The term chaplains turns the mind to wartime. And while Australia’s schools may be embattled, we’re not in the trenches.

For those who are already up on the chaplaincy debate, look away now – this paragraph provides a bit of background for those who are not in the loop. A chaplain’s job is to provide pastoral care (supporting students in their welfare and relationships) and spiritual guidance (supporting students to explore their spirituality). The Australian government introduced the National School Chaplaincy Program (NSCP) in 2006 to ‘support schools and their communities to establish school chaplaincy and pastoral care services, or to enhance existing services’ (from the Australian government’s website).

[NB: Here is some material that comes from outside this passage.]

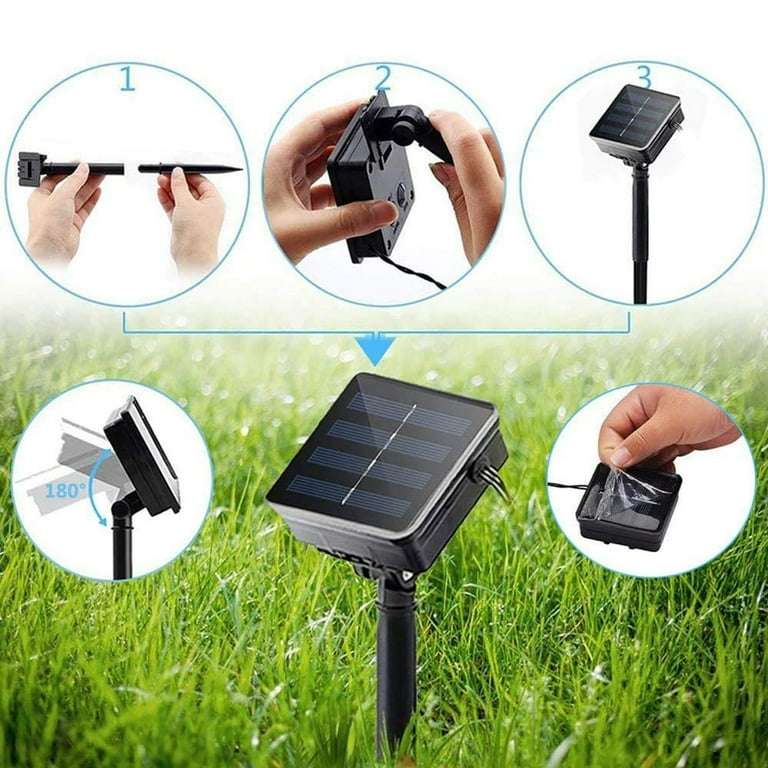 10M Outdoor Solar LED Light Waterproof Copper Wire Fairy Light Balcony Garden Decorative Trees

Not surprisingly, the program has been met with deep suspicion from people outside the church context (for which read, the majority of people). Most recently, a High Court challenge to the chaplaincy program was mounted, and is due to be heard in August. Because of the court case, there has been a flurry of articles about the scheme, debating the rights and wrongs of having a spiritual function (the chaplain) embedded in a secular context (the school).

This past weekend, four letters to the editor on the subject were published in QWeekend (the Courier Mail’s weekend magazine) under the heading ‘Faith, hope and clarity’. Two attested to the benefits of chaplains; another clarified that chaplains do not teach Religious Education (a common misconception); the fourth queried the ulterior motives of the organisations supplying chaplains to schools, including Scripture Union Queensland. Call me a fence sitter, but I agreed with them all.

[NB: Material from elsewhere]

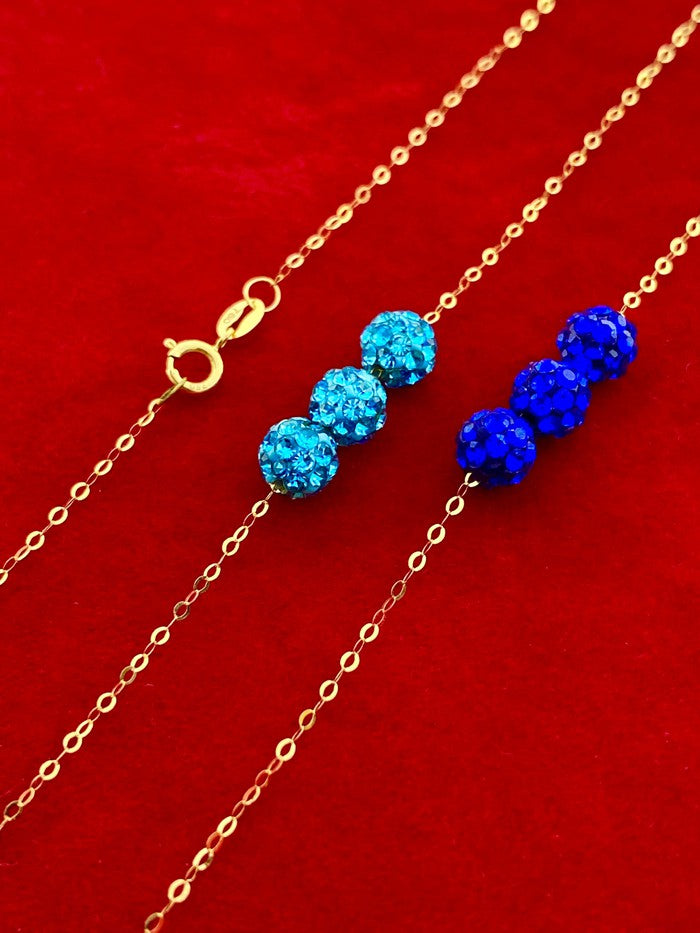 18K Real Gold Double Layer Swarovski Necklace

I believe that if done sensitively and well, the work of chaplains should benefit schools and students. Their job is not to teach religious instruction, so they are not proselytising in that sense. Here’s the rub, though: Scripture Union and the other (mostly Christian) organisations that put chaplains in schools underestimate the antipathy that prevails towards Christian outreach organisations.

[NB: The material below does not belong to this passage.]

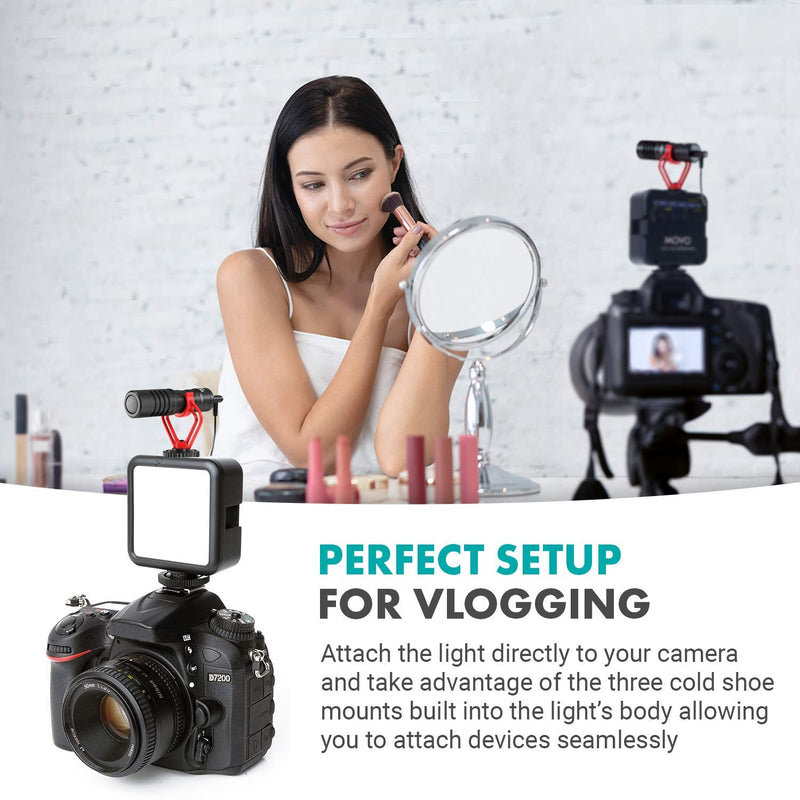  [AUSTRALIA] - Movo LED XS Portable Rechargeable LED Video Light with Soft Light Diffuser, and Shoe Mount - Compatible with DSLR Camera or Go Pro Rig - Small LED Light for Vlogging, Webcam, Streaming, Photography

We struggle in Australia to provide any religious and spiritual service that is not essentially a Christian one.  If the word ‘interfaith’ is used, it is mostly as a synonym for ‘interdenominational’ or an outreach from Christianity to other religions. There is simply no concept of anything that finds the fabric in common. The rare exceptions are found in the work of people such as writer and interfaith minister Stephanie Dowrick and the interfaith programs run by Pitt Street Uniting Church in Sydney.

Novelist Edward Docx described the Amazon’s Mashco-Piro women, one of the last ‘uncontacted’ peoples on earth, as being ‘terrified of disease, of being slaughtered, of their children being taken into slavery. In the past, every encounter has brought terror for them.’ The Christian church has similar resonances for many people in Australia today – but they just don’t seem to realise it.